Ballots Flood Into Illinois State Board of Elections

Mail-in balloting is shattering records statewide

NBCUniversal Media, LLC

On the stump, in interviews, at just about every chance, President Trump warns that the voting already taking place in America is rife with fraud.

"Every day they're talking about ballots that are corrupt, that are fraudulent," he told NBC's Savannah Guthrie in a town hall Thursday night.

There's just one problem.

Election officials from both parties say there is virtually no evidence of such fraud anywhere in the United States.

"The vote-by-mail system is every bit as secure as voting in person," said Matt Dietrich, spokesman for the Illinois State Board of Elections. "The ultimate standard that is used to verify those ballots is the voter's signature."

Across Illinois, some 2,238,606 voters had requested ballots as of Friday, and 642,776 had been returned, according to State Election Board records.

NBC 5 asked the Chicago Election Board to walk us through the process of what happens after you drop your ballot in the mailbox. It's a process that's unfolding every day in the board's offices near the Daley Center downtown.

Arriving ballots, still sealed in their envelopes, are first run through a giant machine called an "Agilis", which scans the signatures which voters are required to sign on the outside. Those are electronically matched with the voter's permanent record in the election rolls.

Upstairs, teams of election judges sit before giant screens, examining each scanned signature against its permanent counterpart.

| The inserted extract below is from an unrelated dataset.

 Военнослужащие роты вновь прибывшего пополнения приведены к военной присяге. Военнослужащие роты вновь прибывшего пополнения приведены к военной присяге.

Most pass muster quickly. A few are found obviously mismatched, and those are kicked out of the running. The voters are contacted for verification, and may be asked to come in and re-vote.

After that, the envelopes are run through the machine again, this time to sort them by ward. Then, they are opened by still another machine, and another team of judges removes the ballots, initials them, and sends them to be scanned into the system.

That data is stored, and will appear as the first votes counted after 7 p.m. on election night.

It's a multi-step process, but the key is the signature. And that addresses one of the biggest fears raised by opponents — that somehow thousands of ballots will be harvested by evil-doers, filled out in their basements, then sent back en masse.

To do so, notes Dietrich, would require the perpetrator to successfully forge all of those signatures so they match the names on the registration forms to such an extent that they fool a trio of judges.

"It's secure, we secure it the same way we secure ballots at in-person polling places," he told NBC 5. "It's a very safe system."